Bocage é também o poeta do corpo e do desejo, não deixando de refletir —com muita frequência e de forma magistral — a relação do corpo com o espírito e com a Ética/Moral (Axiologia). Que se saiba, Bocage não foi nem legislador nem praticante de nenhuma ortodoxia em especial, seja ela Ética/Moral, Política, Religiosa ou outra; porém, sobre tudo isto opinou (e delirou, divertindo-se bastante aqui e ali e tantas vezes sofrendo também) para compreender a fim influenciar a conjuntura (o sistema), a fim de contribuir para a mudança, a fim de alterar para melhor e subir, subir até ter a certeza da Eternidade, pois em seu entender, e também no nosso, é esse por excelência, o grande desígnio da humanidade: estar sempre a subir a fim da Eternidade. Neste aspeto em particular, parece ter sido o homem em Portugal — no seu tempo — que mais teve a coragem e a ousadia de conjeturar a Eternidade. E o que fica, o que mais nos sensibiliza, nos confronta, nos inquieta, nos interpela, mas também nos diverte, é o seu maravilhoso legado (infelizmente por muitos ainda desconhecido) poético do grande libertino, do boémio, do mundano, do sempre transgressor e errante, pois Bocage continua a ser único e irrepetível (tal como qualquer obra de Arte). Não há ninguém na portugalidade (quero dizer, no “Grandioso Império da Língua Portuguesa”) que não conheça uma faceta — breve e singela que seja — de Bocage que não cause riso, divertimento, confronto ético e moral, social e filosófico… O nosso poeta viveu fisicamente 40 anos, mas a intensidade, a tragédia, bem como as muitas peripécias da sua peculiar e “surreal” vida, permitem-nos concluir que nunca morreu (mesmo para os mais céticos da coisa em questão), pois a sua “Alma grande” paira por aí (continuando bem vivo em todos nós). E se outro conceito e semântica de Eternidade não fizer sentido para muitos de vós, afirmamos nós — sem rodeios e sem nenhum receio de crítica ou de contraditório — que o nosso poeta é eterno, pois o povo jamais o esquecerá.

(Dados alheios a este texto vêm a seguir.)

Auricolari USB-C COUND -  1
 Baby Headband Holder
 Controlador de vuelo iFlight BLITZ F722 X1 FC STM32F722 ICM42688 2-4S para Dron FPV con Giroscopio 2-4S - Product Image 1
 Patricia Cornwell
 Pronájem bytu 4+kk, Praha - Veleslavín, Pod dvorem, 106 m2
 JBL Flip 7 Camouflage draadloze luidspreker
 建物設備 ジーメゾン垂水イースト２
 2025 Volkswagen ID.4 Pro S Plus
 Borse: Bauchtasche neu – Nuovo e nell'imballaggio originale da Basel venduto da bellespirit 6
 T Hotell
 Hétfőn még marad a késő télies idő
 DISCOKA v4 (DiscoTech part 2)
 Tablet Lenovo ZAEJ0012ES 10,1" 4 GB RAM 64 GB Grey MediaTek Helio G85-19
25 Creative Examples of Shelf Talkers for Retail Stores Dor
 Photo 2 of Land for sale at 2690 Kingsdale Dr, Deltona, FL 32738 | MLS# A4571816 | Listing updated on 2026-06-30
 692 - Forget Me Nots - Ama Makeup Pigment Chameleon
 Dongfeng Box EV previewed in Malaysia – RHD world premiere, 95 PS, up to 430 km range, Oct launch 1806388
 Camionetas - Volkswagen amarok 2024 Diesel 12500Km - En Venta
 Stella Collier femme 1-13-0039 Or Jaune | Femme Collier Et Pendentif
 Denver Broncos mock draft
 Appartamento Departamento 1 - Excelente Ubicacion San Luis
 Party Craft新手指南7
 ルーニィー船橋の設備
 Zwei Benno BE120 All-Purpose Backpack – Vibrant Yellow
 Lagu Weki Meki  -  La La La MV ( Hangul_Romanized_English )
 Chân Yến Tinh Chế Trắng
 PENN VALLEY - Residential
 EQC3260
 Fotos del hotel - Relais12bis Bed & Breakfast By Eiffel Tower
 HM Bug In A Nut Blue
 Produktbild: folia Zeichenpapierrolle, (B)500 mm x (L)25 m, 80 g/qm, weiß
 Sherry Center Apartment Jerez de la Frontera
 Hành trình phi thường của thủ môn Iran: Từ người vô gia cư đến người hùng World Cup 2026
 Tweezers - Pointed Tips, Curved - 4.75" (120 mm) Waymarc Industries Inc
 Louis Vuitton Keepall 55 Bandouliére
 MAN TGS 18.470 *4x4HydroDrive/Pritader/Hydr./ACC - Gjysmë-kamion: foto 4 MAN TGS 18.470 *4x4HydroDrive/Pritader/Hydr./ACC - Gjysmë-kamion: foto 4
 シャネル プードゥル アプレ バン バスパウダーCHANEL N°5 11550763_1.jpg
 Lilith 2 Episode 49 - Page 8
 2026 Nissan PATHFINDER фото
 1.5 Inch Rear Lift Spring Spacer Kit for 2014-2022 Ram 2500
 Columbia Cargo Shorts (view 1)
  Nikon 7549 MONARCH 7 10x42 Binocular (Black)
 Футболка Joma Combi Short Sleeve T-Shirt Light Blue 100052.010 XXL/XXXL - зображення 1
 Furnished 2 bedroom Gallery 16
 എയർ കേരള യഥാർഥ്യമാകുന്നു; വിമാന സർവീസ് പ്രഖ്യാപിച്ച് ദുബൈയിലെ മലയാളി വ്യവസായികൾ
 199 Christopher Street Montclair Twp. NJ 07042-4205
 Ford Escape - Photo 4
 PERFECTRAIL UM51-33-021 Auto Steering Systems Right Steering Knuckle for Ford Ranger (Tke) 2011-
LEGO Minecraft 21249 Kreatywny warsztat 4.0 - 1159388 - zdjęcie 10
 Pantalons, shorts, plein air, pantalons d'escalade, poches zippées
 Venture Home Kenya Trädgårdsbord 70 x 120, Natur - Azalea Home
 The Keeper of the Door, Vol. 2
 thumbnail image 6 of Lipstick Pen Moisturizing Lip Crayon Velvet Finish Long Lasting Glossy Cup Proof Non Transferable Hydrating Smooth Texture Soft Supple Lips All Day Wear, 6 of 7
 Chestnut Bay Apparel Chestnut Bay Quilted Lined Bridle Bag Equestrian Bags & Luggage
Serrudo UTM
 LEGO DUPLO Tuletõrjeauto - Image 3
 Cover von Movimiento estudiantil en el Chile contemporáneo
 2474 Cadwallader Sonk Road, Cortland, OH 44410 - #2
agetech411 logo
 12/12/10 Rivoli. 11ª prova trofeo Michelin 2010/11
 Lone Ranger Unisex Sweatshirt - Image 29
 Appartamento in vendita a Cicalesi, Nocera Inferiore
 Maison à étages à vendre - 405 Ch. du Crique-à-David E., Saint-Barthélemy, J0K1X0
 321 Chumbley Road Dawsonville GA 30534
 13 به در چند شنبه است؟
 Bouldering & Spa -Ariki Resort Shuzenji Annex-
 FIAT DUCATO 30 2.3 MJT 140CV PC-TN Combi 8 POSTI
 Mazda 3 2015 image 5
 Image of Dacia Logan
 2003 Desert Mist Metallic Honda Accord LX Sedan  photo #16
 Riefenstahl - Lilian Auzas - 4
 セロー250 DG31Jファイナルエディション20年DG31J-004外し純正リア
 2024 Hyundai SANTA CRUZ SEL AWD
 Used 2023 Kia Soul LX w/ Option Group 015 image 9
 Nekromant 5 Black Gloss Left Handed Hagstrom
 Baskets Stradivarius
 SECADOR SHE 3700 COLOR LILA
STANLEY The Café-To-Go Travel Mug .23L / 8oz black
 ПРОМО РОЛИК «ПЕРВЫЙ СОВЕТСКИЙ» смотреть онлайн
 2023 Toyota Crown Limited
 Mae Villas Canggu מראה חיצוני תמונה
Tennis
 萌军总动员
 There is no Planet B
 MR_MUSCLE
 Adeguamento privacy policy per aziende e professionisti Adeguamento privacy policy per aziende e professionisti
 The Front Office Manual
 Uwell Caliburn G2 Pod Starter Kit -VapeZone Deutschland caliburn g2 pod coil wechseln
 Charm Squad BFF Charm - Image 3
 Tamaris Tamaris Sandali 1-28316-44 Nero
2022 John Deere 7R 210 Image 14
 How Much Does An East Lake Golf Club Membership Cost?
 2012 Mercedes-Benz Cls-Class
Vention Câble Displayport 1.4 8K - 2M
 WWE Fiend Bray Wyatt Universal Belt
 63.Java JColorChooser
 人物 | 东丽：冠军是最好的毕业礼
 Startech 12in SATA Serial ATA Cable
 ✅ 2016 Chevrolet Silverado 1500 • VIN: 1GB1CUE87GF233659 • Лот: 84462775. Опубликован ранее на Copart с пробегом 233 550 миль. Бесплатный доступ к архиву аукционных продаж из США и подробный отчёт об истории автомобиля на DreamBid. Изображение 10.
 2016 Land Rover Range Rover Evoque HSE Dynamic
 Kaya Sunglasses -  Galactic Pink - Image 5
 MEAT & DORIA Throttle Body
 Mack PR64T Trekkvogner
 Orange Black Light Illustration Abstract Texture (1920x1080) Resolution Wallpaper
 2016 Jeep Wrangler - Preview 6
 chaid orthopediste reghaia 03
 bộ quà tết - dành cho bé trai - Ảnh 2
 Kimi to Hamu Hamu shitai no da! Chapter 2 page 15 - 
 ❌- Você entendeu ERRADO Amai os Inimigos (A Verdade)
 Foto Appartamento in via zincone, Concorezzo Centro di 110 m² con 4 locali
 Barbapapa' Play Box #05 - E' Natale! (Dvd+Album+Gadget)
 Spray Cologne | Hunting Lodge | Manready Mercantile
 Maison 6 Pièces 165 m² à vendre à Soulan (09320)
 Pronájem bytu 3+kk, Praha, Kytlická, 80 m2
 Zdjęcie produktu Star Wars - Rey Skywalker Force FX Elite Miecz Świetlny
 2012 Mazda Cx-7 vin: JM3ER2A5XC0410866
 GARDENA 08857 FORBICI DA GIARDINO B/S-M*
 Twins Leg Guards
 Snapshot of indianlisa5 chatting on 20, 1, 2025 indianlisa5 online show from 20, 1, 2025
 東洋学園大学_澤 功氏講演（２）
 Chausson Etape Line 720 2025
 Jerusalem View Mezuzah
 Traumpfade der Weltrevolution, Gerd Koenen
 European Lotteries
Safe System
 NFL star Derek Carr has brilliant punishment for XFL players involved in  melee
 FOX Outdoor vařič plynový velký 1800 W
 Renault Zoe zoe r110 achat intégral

No soneto satírico “A um poeta moderno”, eis Bocage a ridicularizar
os imitadores vazios: «Tu que rimando vais por mau caminho, / Que tudo o que
escreves cheira a esterco, / Que tens o pensamento vão e perco...». E no
soneto erótico “Às moças que vendem beijos”, revela a crueldade, anormalidade e perversidade da luxúria: «Oh
vós que dais do amor o doce alento / Por um vintém, num canto tão escuro...». Estes
versos chocaram, escandalizaram, geraram longas conversas e opiniões negativas
e foram motivo de grande censura, mas continuam vivos, porque a “verdade
poética”, a autenticidade, apanágio e característica essencial do nosso poeta (que
pode mesmo ser muita coisa e entendido/compreendido de diferentes formas para
muitos), é mais duradoura do que a ética/moral de cada época da história da
humanidade. Assim, os poemas satíricos, burlescos e eróticos, por razões várias
e diversificadas (e como sabemos não são de todo as melhores e mais eloquentes produções
do poeta), acabam por ser os mais conhecidos em detrimento de outros que urgem
ser conhecidos, fruídos e divulgados e que, honra lhes seja feita, vários dos
nossos autores desta “obra de culto” por aqui divulgam e comentam. Eis o
inevitável poeta português e do mundo que em busca de uma certa “Felicidade ou
Bem Estar”, que podemos também associar a uma certa e peculiar forma de
hedonismo, se entrega — deliberada-Mente — aos prazeres carnais, à boémia,
numa permanente busca de Sentido, de Satisfação,
de... Também os Rolling Stones foram — à sua maneira — grandes hedonistas
e como que bocagianos, bem como o nosso amigo e poeta, coautor desta obra, Von
Trina – "(I Can't Get No) Satisfaction" – famoso tema desta
mítica banda de Rock Inglesa composto em 1965, cuja letra bem podia ter sido
escrita pelo nosso poeta Bocage — apesar do distanciamento cultural e social de
cerca de dois séculos — ou mesmo pelo poeta Von Trina que acreditamos ser uma
das suas reencarnações tal como o será também o poeta e amigo Carlos Santos
Bueno (um outro poeta que integra esta vossa/nossa “obra de culto”).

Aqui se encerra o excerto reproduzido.